SACRAMENTO, Calif. (AP) — Doug Willis, who followed Ronald Reagan from the governor’s office to the presidential campaign trail and covered Jerry Brown’s first stint as governor during a three-decade career writing about California politics for The Associated Press, has died. He was 77.
He died Tuesday night at a hospital in Sacramento from complications following hip surgery, said his wife, Judy. He had been diagnosed with Alzheimer’s about three years ago and had been living in a memory-care home since summer, she said.
Judy Willis said it was especially sad that her husband suffered from dementia because he had such a quick wit, nimble mind and failsafe memory throughout his journalism career and their 22-year marriage.

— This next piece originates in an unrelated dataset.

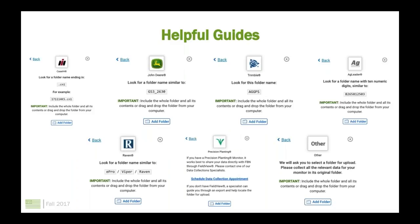When you click on the precision files part of the data upload, it provides walkthroughs for some of the major monitor types we've seen and tutorials on exactly what we're looking for. If there are any monitors or brands you don't see listed there, please reference the help line or help email and we can provide any additional tutorials you need.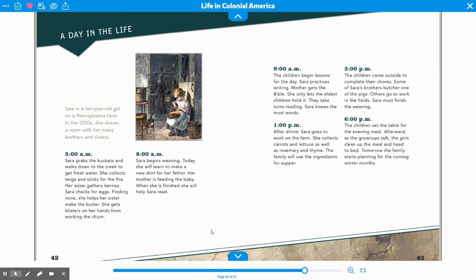At 1 o'clock p.m., after dinner, Sarah goes to work on the farm. She collects carrots, lettuce, rosemary, and thyme — ingredients the family will use for supper. At 3 o'clock p.m., the children come outside to complete their chores. Some of Sarah's brothers butcher one of the pigs; others go to work in the fields. Sarah must finish the weaving. At 6 o'clock p.m., the children set the table for the evening meal. Afterward, as the grown-ups talk, the girls clean up and head to bed. Tomorrow, the family starts planning for the coming winter months.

“Somebody once called him a walking encyclopedia,” she said. “It’s absolutely heartbreaking.”
Indeed, Willis was something of an anomaly in a profession notorious for its aversion to math: He had won a full-ride engineering scholarship to Stanford before getting bored with that major and switching to journalism.
Colleagues recalled him as a congenial but fierce competitor who never forgot a fact or let sources off the hook.
“He didn’t give up. He would get his question answered,” said Rebecca LaVally, a Sacramento State University communications lecturer who was a reporter and manager in the state capital for the competing wire service, United Press International, during the 1970s and 1980s.